== Task brief ==
What follows is a listing to transcribe exactly, leaving the pictures out.

== Provided data ==

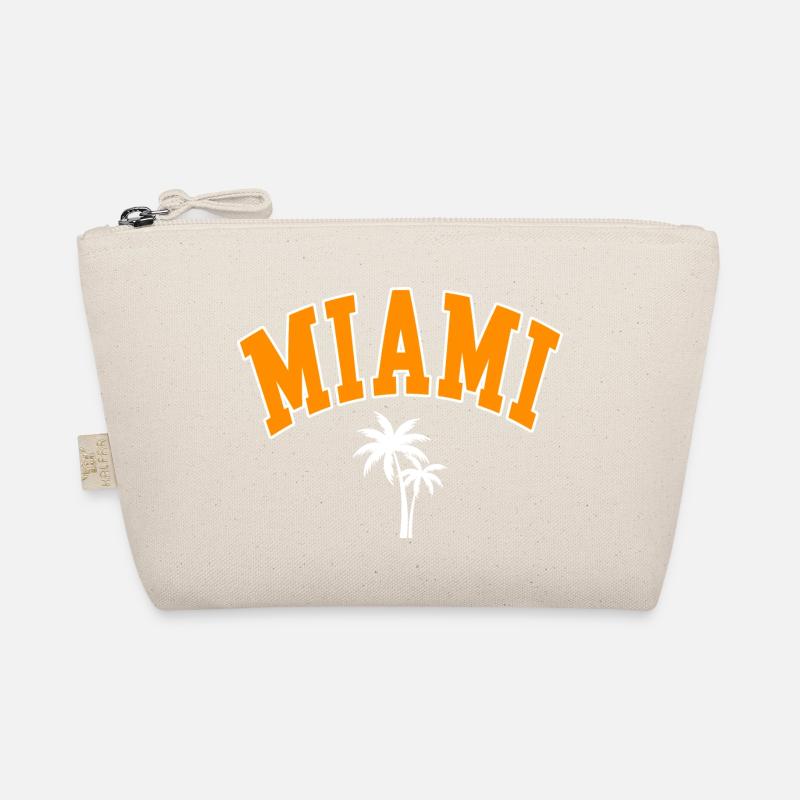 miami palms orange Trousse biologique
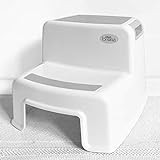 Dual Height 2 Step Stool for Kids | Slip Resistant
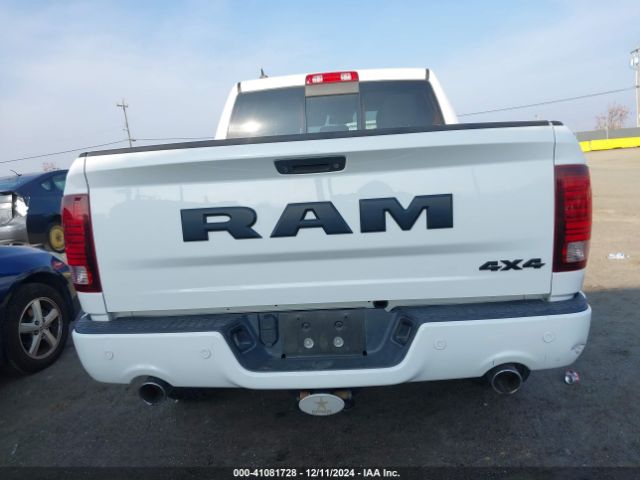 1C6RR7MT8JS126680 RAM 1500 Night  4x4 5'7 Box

== Finished exercise ==
 miami palms orange Trousse biologique
 Dual Height 2 Step Stool for Kids | Slip Resistant
 1C6RR7MT8JS126680 RAM 1500 Night  4x4 5'7 Box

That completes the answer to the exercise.